You can review our Cookie Policy for detailed information about the cookies used by Moodart, types of cookies, their purposes, storage periods and cookie management.

2. Terms of Deletion, Destruction and Anonymization of Personal Data

Moodart stores the personal data it processes through its website, mobile application or mobile site for the periods stipulated by the relevant laws and/or for the periods required by the purpose of processing, pursuant to articles 7, 17 of the KVK Law and article 138 of the Turkish Penal Code. In the event that these periods expire, it will delete, destroy or anonymize Personal Data in accordance with the provisions of the Regulation on the Deletion, Destruction or Anonymization of Personal Data.

The deletion of personal data by Moodart means the process of rendering personal data inaccessible and unusable for the relevant users in any way. Moodart creates and implements a user-level access authorization and control matrix for this.

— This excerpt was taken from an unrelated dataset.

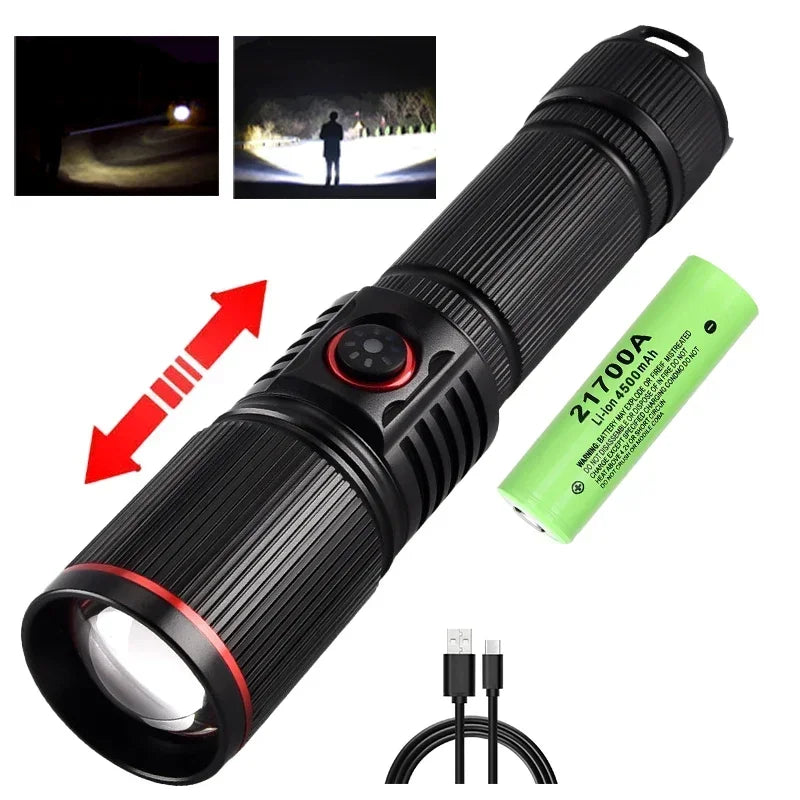 torche rechargeable 30w led noire intense camping plein air modulaire zoom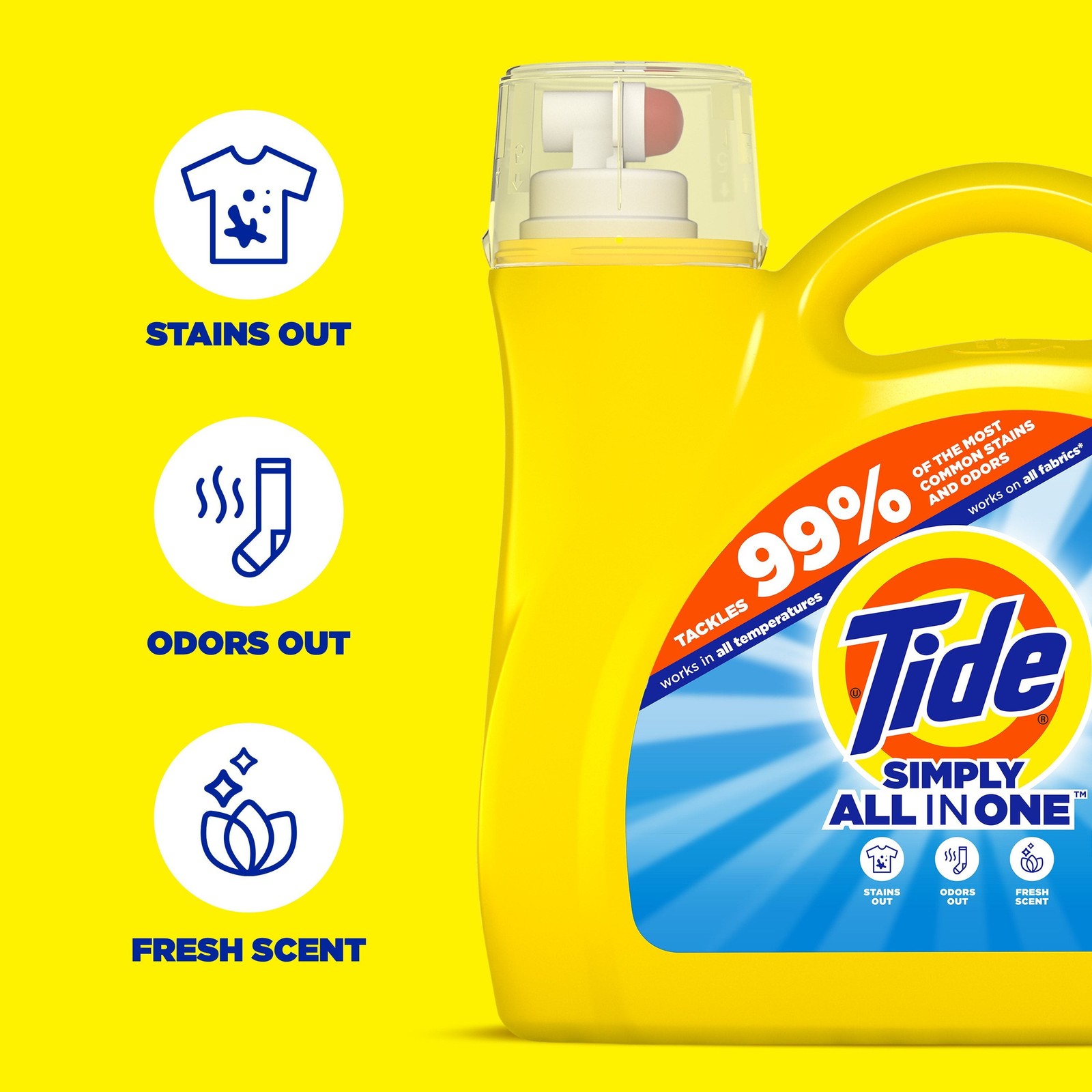 Simply All-In-One Liquid Laundry Detergent, Refreshing Breeze Scent, 117 fl oz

It takes the necessary measures to perform the deletion in the database.

Destruction of personal data by Moodart means the process of making personal data inaccessible, unrecoverable and unusable by anyone in any way.

Anonymization of personal data by Moodart means that personal data cannot be associated with an identified or identifiable natural person under any circumstances, even if it is matched with other data.

Moodart explains in detail the methods of deletion, destruction and anonymization and the technical and administrative measures it takes within the scope of the Personal Data Storage and Disposal Policy prepared in accordance with the Regulation on the Deletion, Destruction or Anonymization of Personal Data. In this Policy, the period of time for the periodic destruction stipulated by the Regulation is determined as 6 months.

3. Changes to the Privacy/Personal Data Protection Policy

Moodart can make changes to this Privacy/Personal Data Protection Policy at any time. These changes will become effective immediately upon the publication of the amended new Privacy/Personal Data Protection Policy. You, our members, will be informed about the changes in this Privacy/Personal Data Protection Policy.